En juillet 2008, Jean-Marie Le Pen devenait parrain de la petite Plume, dernière fille de Dieudonné. Il défendra par la suite les délires antisémites de ce dernier au nom de la liberté d’expression. En octobre 2019, Eric Zemmour recevait un témoignage de « sympathie » et d’ « estime » de l’ancien président du Front national, alors qu’il venait d’être condamné pour provocation à la haine raciale. Voilà donc Dieudonné et Zemmour reconnus à leur juste valeur, héritiers d’un lepénisme à deux visages : l’antisémitisme pour l’un, le racisme anti arabes et noirs pour l’autre. Union symbolique de deux souvenirs traumatiques de l’histoire de France : la haine du Juif poussée jusqu’à Vichy, la domination de l’Afrique jusqu’à la sanglante décolonisation.

Etonnant destin pour Dieudonné, qui fut longtemps un humoriste antiraciste, avant de devenir ce trublion ami des théocrates iraniens et nouvelle idole des antisémites. Moins surprenant, celui de Zemmour, pourtant journaliste et intellectuel en son temps, mué en idéologue colporteur de fake news et d’injures racistes. L’actualité vient de lui donner une nouvelle occasion de s’illustrer en affirmant, suite à la mort de George Floyd, que 80% des blancs aux Etats-Unis sont « tués par des noirs ». Le propos a été démenti par plusieurs analyses factuelles.

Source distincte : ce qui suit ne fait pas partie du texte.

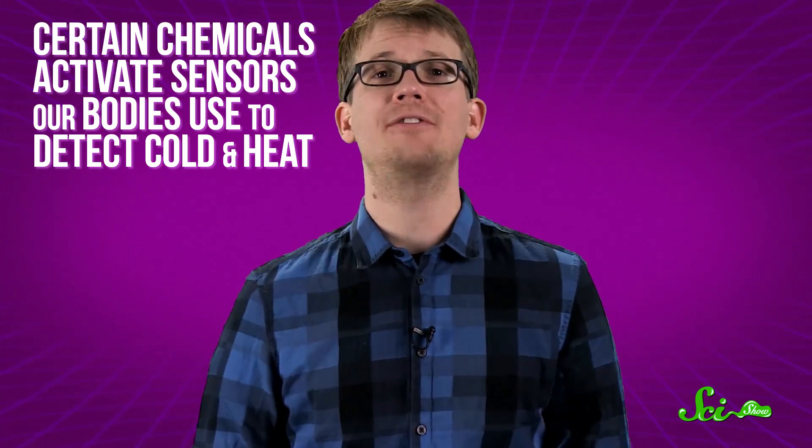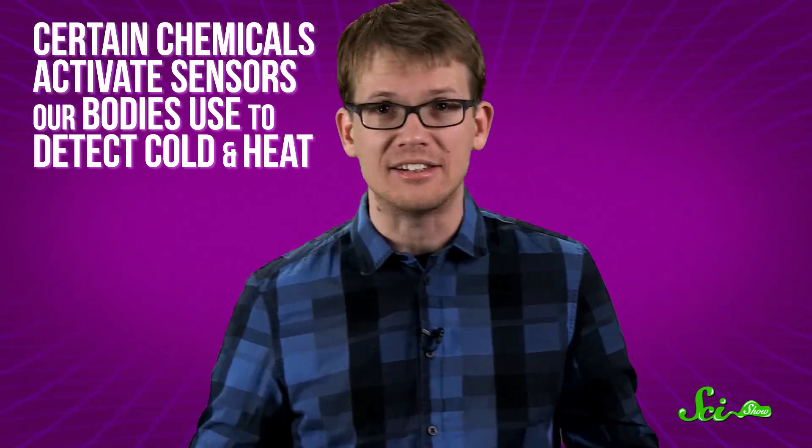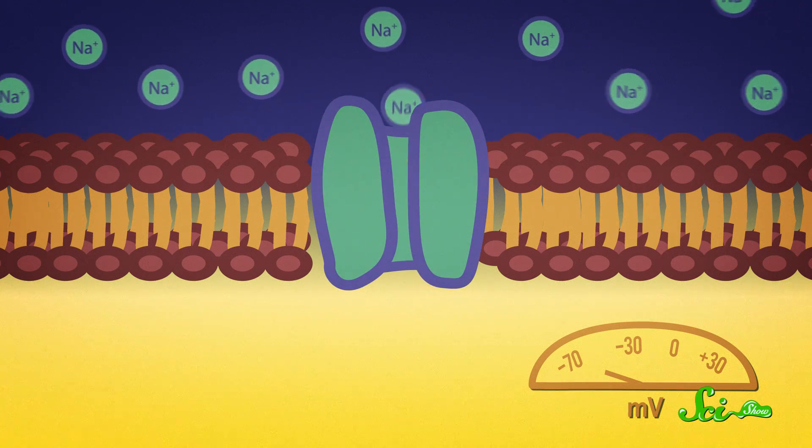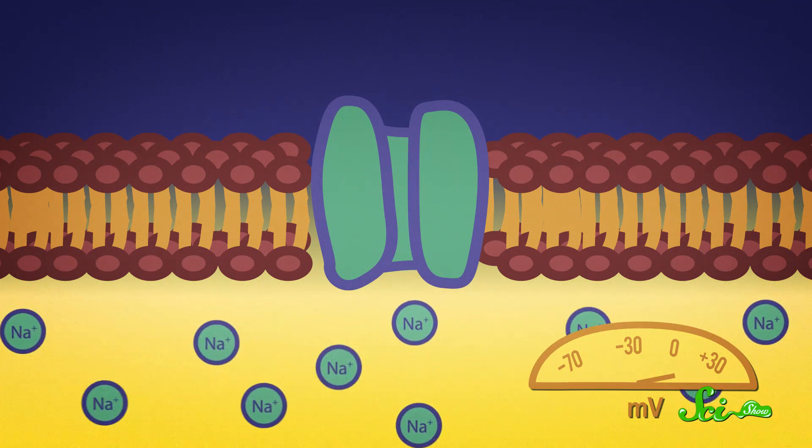The short answer is that some chemicals activate the same sensors that our bodies use to detect actual cold and heat. The way we experience pretty much everything is by way of ion channels. These are proteins that line our nerve cells, each triggered by a different thing, like being in the presence of sugar or exposed to light or how much CO2 there is in your blood. When an ion channel is triggered, it opens up and allows a bunch of ions to flow into the nerve cell, changing its electrical charge. This acts like a kind of switch being flipped, and it sends a signal through the nervous system to the brain, which interprets the stimulus as a sensation, like sweet or bright or I need more oxygen.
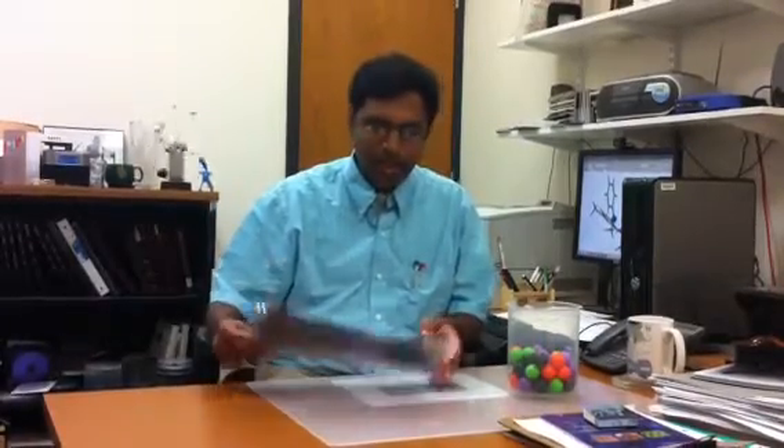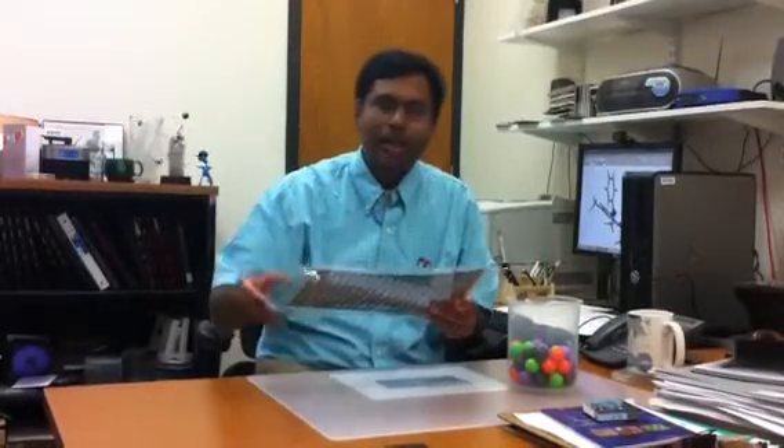My research group works on organic photovoltaic cells — people typically call them plastic solar cells. Everybody has seen solar cells on roofs, and what we work on are things like these, which are very thin solar cells that you can bend and put on bags.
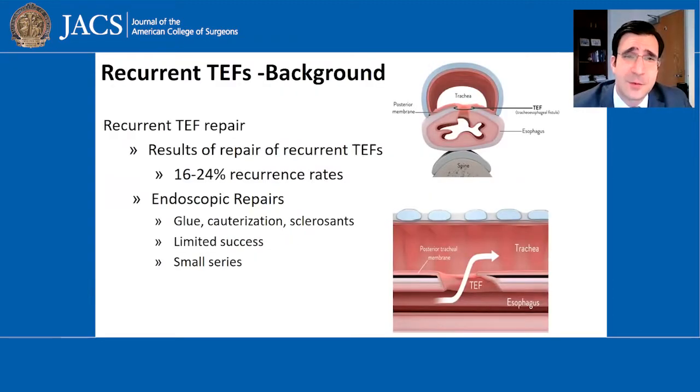The treatment of recurring tracheoesophageal fistulas is challenging. Unfortunately, the majority of these patients can suffer a re-recurrence after a surgical approach. Others have advocated an endoscopic means with less morbidity and less invasiveness. However, they often require multiple endoscopic attempts and are often not as successful as we would like them to be.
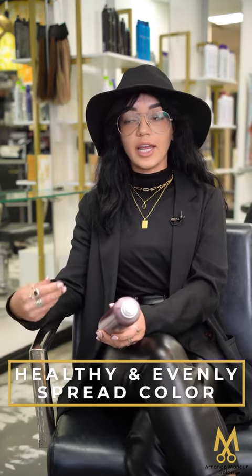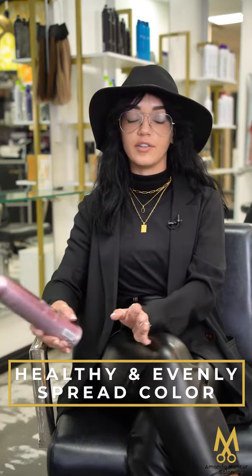The second step for the Joico treatment is our deep conditioning treatment that will be done in the wash house. After we rinse out your color, we'll apply a mask that's going to help protein come back into your hair and repair any weaker spots to make sure it is healthy and your color is evenly spread throughout.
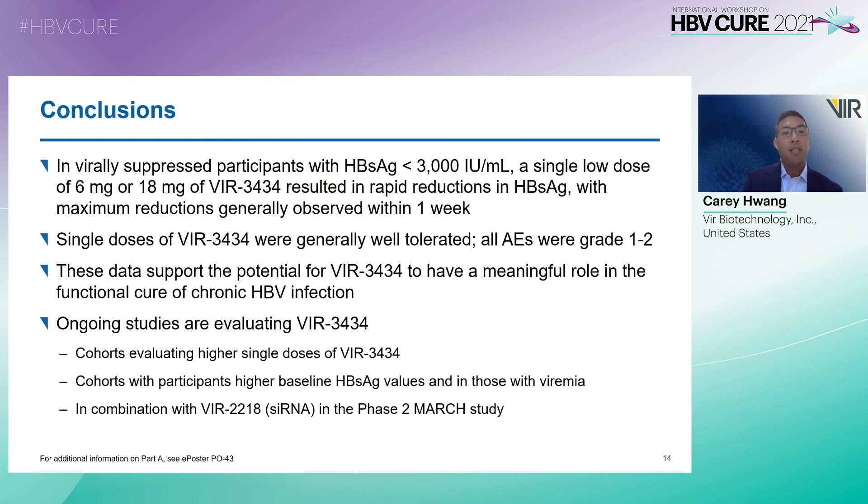In conclusion, in virally suppressed participants with HBsAg levels less than 3,000 IUs per ml, a single dose of 6 mg or 18 mg of VIR-3434 resulted in rapid reductions of HBsAg, with maximum reductions generally observed within one week. Single doses were also generally well tolerated, with all adverse events graded 1 to 2. These data support the potential for VIR-3434 to have a meaningful role in the functional cure of chronic HBV infection by lowering HBsAg. Ongoing studies are evaluating higher single doses, participants with higher baseline HBsAg levels, and combination with VIR-2218 siRNA in the phase 2 MARC study. Thank you very much for your attention.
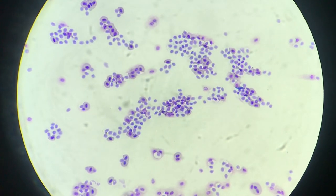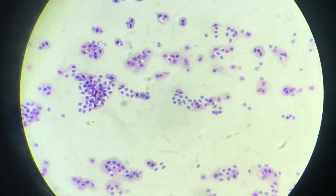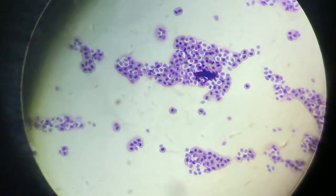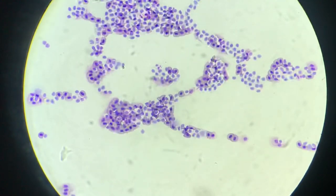Hello everyone. Today in this video I'm going to show you the blood smear of a hen. In the smear you will be able to see that there is an increase in the number of white blood cells, predominantly lymphocytes.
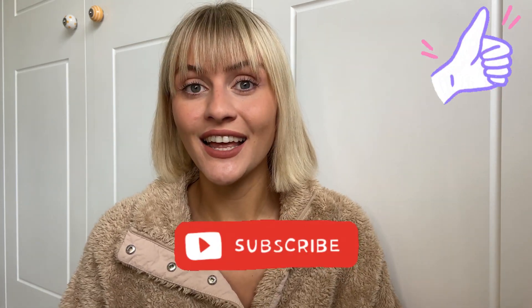Please make sure you hit the subscribe button, hit the like button, and comment down below what your favorite Protein World product is. Stick around and wait for the other video — I'll see you soon, bye!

Mais les outrances verbales de Zemmour semblent se répéter sans trouver de limite morale ou légale.

La justice a pourtant été saisie à de multiples reprises, et a fait son travail, comme elle l’avait réalisé pour Dieudonné. Il fut condamné plusieurs fois pour injures antisémites, diffamation, provocation à la discrimination et à la haine raciale. Toute invitation à s’exprimer étant pour lui une tribune, il est aujourd’hui persona non grata dans le paysage médiatique. En effet, alors que nos compatriotes de confession juive sont menacés par des extrémistes religieux ou des militants d’extrême-droite, on ne doit pas laisser se répandre le venin de la haine. Il en va de la responsabilité des journalistes de refuser leur micro à tout propagateur du verbe antisémite.

Mais pourquoi en serait-il autrement avec Eric Zemmour ? Pourquoi le laisse-t-on répéter ses délires racistes sur CNEWS, à l’image de sa dernière trouvaille au lendemain des élections municipales : « le vert des Verts correspond au vert de l’islam ».

On pourrait expliquer cette indulgence par la quête de l’audimat. Les saillies et polémiques font en effet exploser les scores d’audience des chaînes d’infos. Or, cette logique marchande n’explique pas tout. Car Dieudonné ferait autant de buzz avec ses provocations antisémites et complotistes, et garantirait à tout plateau télévisé un public friand de « trash médias » et de « politiquement incorrect ».

Le fonds de cette affaire révèle un choix délibéré entre deux catégories de racismes, dont l’une est banni, tandis que l’autre est banalisée. Voilà comment deux paroles aussi odieuses se retrouvent, pour l’une dans les marges de la fachosphère, pour l’autre en tête d’affiche d’une chaîne d’information continue. Rien ne saurait légitimer l’ostracisme d’une part, et la clémence de l’autre. Ce « deux poids deux mesures » est non seulement insupportable, mais il fait et fera le lit d’un ressentiment aux conséquences dramatiques pour notre société. Les médias qui invitent aujourd’hui Eric Zemmour se rendent complices de ses infamies racistes. Ce n’est pas qu’une question de droit, mais de aussi déontologie. Leur responsabilité morale est engagée.

Il ne s’agit pas d’interdire à Eric Zemmour de s’exprimer. La censure est intolérable. Qu’il crée son propre moyen de communication, et que la justice se charge de le punir à chaque fois qu’il passera les bornes. Il s’agit simplement, comme pour Dieudonné ou pour tout délinquant de la haine, d’enfin cesser de lui offrir tribune. Le journalisme d’opinion ne peut être un journalisme poubelle et sans devoirs. Face au cas Zemmour, la justice a fait son travail. Que les médias fassent à présent le leur.